Para lograrlo necesitará mayor cohesión interna, confianza y asertividad en su política exterior y una mayor autonomía estratégica en materia de seguridad y defensa. Además, en la medida de lo posible, debe trabajar para preservar (o refundar) todo lo que se pueda del orden liberal basado en reglas que se está desmoronando ante sus ojos. De hecho, a día de hoy, la UE es la única potencia que puede intentar liderar la reforma de la maltrecha Organización Mundial del Comercio en su conjunto. Y otros países, que también quedarían en las periferias de los imperios chino o norteamericano, como Canadá, Japón, Corea del Sur, Australia y los países latinoamericanos, entre otros, estarían encantados de acompañar ese liderazgo europeo para mantener un mundo de reglas y evitar la vuelta de la ley del más fuerte.

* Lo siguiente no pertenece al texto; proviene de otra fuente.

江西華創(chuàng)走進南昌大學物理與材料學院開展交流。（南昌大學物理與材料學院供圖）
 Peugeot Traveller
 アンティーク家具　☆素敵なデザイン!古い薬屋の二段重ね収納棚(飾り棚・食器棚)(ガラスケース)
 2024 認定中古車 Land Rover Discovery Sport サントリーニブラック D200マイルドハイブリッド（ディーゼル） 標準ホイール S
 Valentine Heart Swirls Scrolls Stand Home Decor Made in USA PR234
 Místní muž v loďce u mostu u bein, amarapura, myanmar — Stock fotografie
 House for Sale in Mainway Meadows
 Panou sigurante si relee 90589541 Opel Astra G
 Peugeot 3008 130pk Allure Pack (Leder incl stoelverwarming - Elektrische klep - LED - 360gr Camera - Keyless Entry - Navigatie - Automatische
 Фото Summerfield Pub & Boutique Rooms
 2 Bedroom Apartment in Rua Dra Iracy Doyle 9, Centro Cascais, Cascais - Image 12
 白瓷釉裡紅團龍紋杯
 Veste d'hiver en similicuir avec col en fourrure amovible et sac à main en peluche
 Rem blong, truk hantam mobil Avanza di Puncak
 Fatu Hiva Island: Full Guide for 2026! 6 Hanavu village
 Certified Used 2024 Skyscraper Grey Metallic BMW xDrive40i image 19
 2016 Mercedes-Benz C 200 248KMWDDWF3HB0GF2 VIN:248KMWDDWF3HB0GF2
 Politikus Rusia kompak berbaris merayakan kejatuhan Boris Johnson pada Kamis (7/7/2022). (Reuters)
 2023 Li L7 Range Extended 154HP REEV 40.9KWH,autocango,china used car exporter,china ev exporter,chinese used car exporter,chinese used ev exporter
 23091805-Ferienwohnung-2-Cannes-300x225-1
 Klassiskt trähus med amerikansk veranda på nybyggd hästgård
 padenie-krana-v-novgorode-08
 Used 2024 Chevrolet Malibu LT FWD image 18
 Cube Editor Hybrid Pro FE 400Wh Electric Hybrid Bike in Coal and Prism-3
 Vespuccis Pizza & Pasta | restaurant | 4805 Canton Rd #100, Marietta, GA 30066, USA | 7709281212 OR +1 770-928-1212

Sin embargo, por si el sistema multilateral termina colapsando y el neo imperialismo continúa ganando terreno (algo a día de hoy factible, especialmente si Trump gana las elecciones en 2020), la Unión tiene que prepararse para un mundo de bloques y acuerdos preferenciales cruzados donde las reglas comerciales globales brillen por su ausencia y el derecho internacional sea más la excepción que la regla en las relaciones internacionales. Para ello, tiene que seguir trazando una nutrida red de acuerdos preferenciales donde avance sus intereses comerciales ofensivos, pero también sus valores, desde el respeto a la democracia liberal hasta los derechos humanos y a la sostenibilidad medioambiental.
“(…) hace falta aumentar la legitimidad de los intercambios comerciales, lo que pasa por compensar más y mejor a los perdedores de la liberalización dando contenido al concepto macroniano de “la Europa que protege””
En este nuevo contexto, la política comercial ya no pueda pensarse de forma aislada. Como instrumento de política económica exterior, deberá estar íntimamente vinculada con otras, especialmente la de defensa, la industrial y de innovación tecnológica y la de internacionalización del euro, que requiere como paso previo completar la unión monetaria con una unión bancaria completa, una unión fiscal y eurobonos. Al mismo tiempo, de puertas adentro, y para asegurar que los europeos sigan apoyando la integración económica –que hasta ahora ha formado parte del ADN de la Unión– y se alejen de los postulados nacionalistas que pretenden volver a un Estado nación que en realidad nunca existió (lo que existieron fueron los imperios europeos, y esos ya no volverán), hace falta aumentar la legitimidad de los intercambios comerciales, lo que pasa por compensar más y mejor a los perdedores de la liberalización dando contenido al concepto macroniano de “la Europa que protege”.
Todo ello exigirá a la Unión tener una mayor visión estratégica y seguir construyendo, en palabras del Tratado de Roma, una “Unión cada vez más estrecha”. Si no lo hace, se verá condenada a ser tan sólo una provincia de otro imperio, pero eso seguramente es algo que los europeos no quieren.